Schools: Marcus Pollard, a staff attorney with the Justice System Reform team for the Southern Coalition for Social Justice, spoke about how one organization is working to remove police from schools in favor of investing in counselors and support staff. Sophia Schmid, an environmental reporter for WHYY’s PlanPhilly, also joined WUWW to discuss her recent article on the rise in temperature in Philadelphia schools.



MOVE Bombings: Lionell Dotson’s sisters were killed in the MOVE bombings and the city has held their remains in a box for decades. He joined Wake Up With WURD, along with his attorney Daniel Hartstein, to give an update on the case.


Gun Violence: Alex Barrio, director of advocacy on Center for American Progress’ Gun Violence Prevention team, discussed a bipartisan group of senators’ gun safety framework containing key reforms to address the nation’s high rates of gun violence.

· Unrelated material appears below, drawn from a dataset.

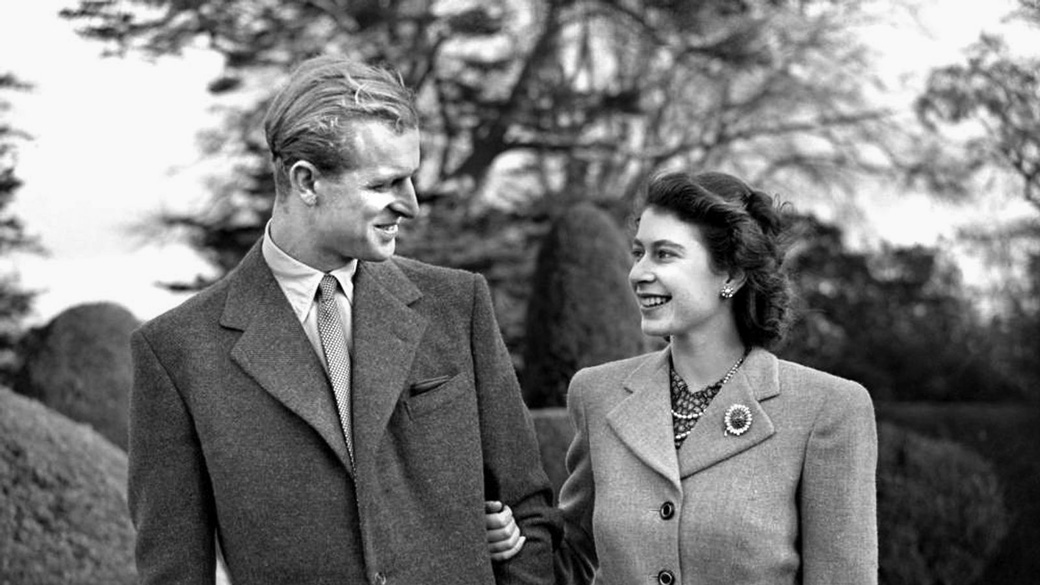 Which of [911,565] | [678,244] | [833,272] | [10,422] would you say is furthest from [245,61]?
[678,244]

MOAR: Reality Check did a live broadcast at the Museum of the American Revolution. Michael Idriss is the museum’s African American Interpretive Fellow, managing all aspects of the new African American Interpretive Program. He discussed the museum and its special programs. Museum CEO R. Scott Stephenson talked about the museum’s history and future, and actor Nathan Alford Tate, who portrays James Forten at the museum, discussed his career and did a special performance.




Violence: George Mosee, executive director of the Philadelphia Anti-Drug Anti-Violence Network, joined Evening WURDs to talk about the violence in the city of Philadelphia. 


Reparations: Dr. Julianne Malveaux, president emerita of Bennett College for Women, economist and commentator, discussed the case for reparations for the Black community.


Stop the Violence: Philadelphia councilmember at-large Katherine Gilmore Richardson talked about a bill she introduced to move the teen curfew up to 10 p.m. and shared why we need to start holding parents accountable to help stop the violence. Kala J and Joanna Jane also spoke with a community activist about how to stop the violence.



Books: Glenda Armand joined Kala J to talk about her new children’s book that shares the history of soul food.